Given a series of thresholds for a data set that collapse it into one giant cluster, this will search the top fraction of threshold differences to find the largest difference. The average between the thresholds spanning that difference is the cutoff threshold defining the clonal lineage threshold.


cutoff_predictor(thresholds, fraction = 0.5)



a vector of numerics coming from mlg.filter where the threshold has been set to the maximum threshold theoretically possible.


the fraction of the data to seek the threshold.

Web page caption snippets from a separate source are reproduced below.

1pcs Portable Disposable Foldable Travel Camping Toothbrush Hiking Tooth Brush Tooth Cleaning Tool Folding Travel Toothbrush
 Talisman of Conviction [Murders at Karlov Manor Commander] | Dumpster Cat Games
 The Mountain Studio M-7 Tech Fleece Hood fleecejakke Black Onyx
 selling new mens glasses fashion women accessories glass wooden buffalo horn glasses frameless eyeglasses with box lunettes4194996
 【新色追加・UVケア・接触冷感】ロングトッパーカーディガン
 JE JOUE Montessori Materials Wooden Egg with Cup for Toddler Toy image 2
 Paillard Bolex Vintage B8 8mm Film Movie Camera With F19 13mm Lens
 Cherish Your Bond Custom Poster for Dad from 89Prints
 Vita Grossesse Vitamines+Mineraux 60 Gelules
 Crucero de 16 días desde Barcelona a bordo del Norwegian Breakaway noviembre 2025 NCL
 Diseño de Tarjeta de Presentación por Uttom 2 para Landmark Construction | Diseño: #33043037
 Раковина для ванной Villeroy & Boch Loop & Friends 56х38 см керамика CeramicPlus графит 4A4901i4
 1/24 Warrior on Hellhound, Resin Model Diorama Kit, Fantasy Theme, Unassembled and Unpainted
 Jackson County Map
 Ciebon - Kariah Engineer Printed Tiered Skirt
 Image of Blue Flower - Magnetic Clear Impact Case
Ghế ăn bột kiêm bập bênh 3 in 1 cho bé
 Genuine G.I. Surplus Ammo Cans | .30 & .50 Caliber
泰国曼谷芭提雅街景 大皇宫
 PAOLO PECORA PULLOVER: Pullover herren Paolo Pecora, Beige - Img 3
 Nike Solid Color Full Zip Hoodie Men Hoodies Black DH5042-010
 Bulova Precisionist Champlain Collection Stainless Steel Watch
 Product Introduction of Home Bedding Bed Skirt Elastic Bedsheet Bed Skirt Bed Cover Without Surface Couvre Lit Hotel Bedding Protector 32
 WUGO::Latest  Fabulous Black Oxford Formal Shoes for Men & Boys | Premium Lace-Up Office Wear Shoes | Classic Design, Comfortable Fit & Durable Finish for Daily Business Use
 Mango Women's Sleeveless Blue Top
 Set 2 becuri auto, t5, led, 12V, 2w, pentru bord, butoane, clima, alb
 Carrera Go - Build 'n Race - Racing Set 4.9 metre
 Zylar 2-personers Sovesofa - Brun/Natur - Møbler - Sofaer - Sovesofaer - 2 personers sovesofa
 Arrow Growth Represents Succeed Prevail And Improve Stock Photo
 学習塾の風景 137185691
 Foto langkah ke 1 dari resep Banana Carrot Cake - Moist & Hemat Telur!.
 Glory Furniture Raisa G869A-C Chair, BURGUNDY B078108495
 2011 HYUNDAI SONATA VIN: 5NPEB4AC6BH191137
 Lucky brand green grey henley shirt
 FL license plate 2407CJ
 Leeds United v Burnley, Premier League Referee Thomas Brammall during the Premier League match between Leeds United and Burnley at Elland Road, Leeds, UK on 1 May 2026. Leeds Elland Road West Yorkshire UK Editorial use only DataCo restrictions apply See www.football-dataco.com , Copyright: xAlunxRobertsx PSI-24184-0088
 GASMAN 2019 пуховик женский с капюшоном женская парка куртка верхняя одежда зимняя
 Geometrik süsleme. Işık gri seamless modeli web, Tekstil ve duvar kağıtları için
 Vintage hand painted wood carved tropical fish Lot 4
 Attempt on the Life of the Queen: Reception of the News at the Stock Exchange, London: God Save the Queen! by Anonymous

a numeric value representing the threshold at which multilocus lineages should be defined.


This function originally appeared in doi:10.5281/zenodo.17424 . This is a bit of a blunt instrument.


Zhian N. Kamvar


pinfreps <- fix_replen(Pinf, c(2, 2, 6, 2, 2, 2, 2, 2, 3, 3, 2))
pthresh  <- filter_stats(Pinf, distance = bruvo.dist, replen = pinfreps, 
                         plot = TRUE, stats = "THRESHOLD", threads = 1L)

# prediction for farthest neighbor
#> [1] 0.1132221

# prediction for all algorithms
sapply(pthresh, cutoff_predictor)
#>  farthest   average   nearest 
#> 0.1132221 0.1084407 0.1092773